When they leave the church, they go straight to the café.
“Gosh, and I thought Portuguese village life would be dull,” Ben says, nursing his espresso. “What was that all about?”
Peter is unsettled. “Well, for starters, we’ve found the family home.”
“You’re kidding? Where is it?”
“It happens to be the house I’m already living in.”
“Really?”
“They had to put me in an empty one, and the house has been empty since our family left. They never sold it.”
“Still, there are other empty houses. What an amazing coincidence.”
“But listen — Father Eloi and Dona Amélia also told me a story.”
“Something about a little boy a long time ago, I got that.”
“Yes, it happened in 1904. The boy was five years old and he was Grandpa Batista’s nephew, your great-grandfather’s nephew. He was away from the village with his father — my great-uncle Rafael — who was helping out on a friend’s farm. And then the next moment the boy was miles away, by the side of a road, dead. The villagers say his injuries matched exactly the injuries of Christ on the Cross: broken wrists, broken ankles, a deep gash in his side, bruises and lacerations. The story spread that an angel had plucked him from the field to bring him up to God, but the angel dropped him by accident, which explains his injuries.”
“You say he was found by the side of a road?”
“Yes.”
“Sounds to me like he was run over.”
“As a matter of fact, two days later a car appeared in Tuizelo, the first ever in the whole region.”
“There you go.”
“Some villagers right away believed there was a link between the car and the boy’s death. It quickly became such a story in the region that it was all documented. But there was no proof. And how did the boy, who was next to his father one moment, end up in front of a car miles away the next?”
“There must be some explanation.”
“Well, they took it as an act of God. Whether it was by God’s direct hand or by means of this strange new transportation device, God was behind it. And there’s more to the story. O que é dourado deve ser substituído pelo que é dourado.”
“What’s that?”
“It’s a local saying. What is gilded should be replaced by what is gilded . They say God was sorry about the angel dropping the boy and so He gave him special powers. Apparently any number of infertile women have prayed to the boy and shortly afterwards become pregnant. Dona Amélia swears it happened to her. It’s a legend in these parts. More than that. There’s a process afoot to have him declared venerable by Rome, and because of all the fertility stories attributed to him, they say he has a good chance.”
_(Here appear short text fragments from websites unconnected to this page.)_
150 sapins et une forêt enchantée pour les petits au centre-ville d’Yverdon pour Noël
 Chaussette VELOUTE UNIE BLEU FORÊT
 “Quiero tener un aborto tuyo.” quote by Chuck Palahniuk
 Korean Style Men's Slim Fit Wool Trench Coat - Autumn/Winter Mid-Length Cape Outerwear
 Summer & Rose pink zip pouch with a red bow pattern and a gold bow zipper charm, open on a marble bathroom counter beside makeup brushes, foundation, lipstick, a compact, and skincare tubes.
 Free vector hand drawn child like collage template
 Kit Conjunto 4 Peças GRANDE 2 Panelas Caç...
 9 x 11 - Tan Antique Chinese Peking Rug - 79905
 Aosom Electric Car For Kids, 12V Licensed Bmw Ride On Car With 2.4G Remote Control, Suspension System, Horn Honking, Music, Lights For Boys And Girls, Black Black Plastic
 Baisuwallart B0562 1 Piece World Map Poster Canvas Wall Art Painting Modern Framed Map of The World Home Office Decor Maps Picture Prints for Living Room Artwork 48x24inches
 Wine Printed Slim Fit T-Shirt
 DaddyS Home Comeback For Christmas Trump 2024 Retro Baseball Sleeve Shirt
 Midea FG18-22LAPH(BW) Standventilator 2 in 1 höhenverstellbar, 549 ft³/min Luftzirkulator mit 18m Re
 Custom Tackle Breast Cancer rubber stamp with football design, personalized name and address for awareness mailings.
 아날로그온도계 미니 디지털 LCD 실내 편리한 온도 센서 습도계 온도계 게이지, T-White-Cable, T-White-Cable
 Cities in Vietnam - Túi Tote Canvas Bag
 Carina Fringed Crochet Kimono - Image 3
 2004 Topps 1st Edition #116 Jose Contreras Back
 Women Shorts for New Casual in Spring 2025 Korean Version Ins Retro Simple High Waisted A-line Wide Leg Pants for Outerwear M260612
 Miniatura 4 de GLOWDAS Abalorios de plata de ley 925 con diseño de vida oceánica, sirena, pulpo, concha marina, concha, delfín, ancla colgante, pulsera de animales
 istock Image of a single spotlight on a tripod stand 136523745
“Is that so? We have an uncle who’s a saint and you live with an ape — that’s quite the extended-family situation we’ve got going.”
“No, venerable, two notches down.”
“Sorry, I can’t seem to tell my venerables from my saints.”
“Apparently, the little boy’s death turned the whole village upside down. Poverty is a native plant here. Everyone grows it, everyone eats it. Then this child appeared and he was like living wealth. Everyone loved him. They call him the Golden Child. When he died, Father Eloi told me, they say days turned to grey and all colour drained from the village.”
“Well, sure. It would be incredibly upsetting, a little boy’s death.”
“At the same time, they talk about him as if he’s still alive. He still makes them happy. You saw Dona Amélia — and she never even met him.”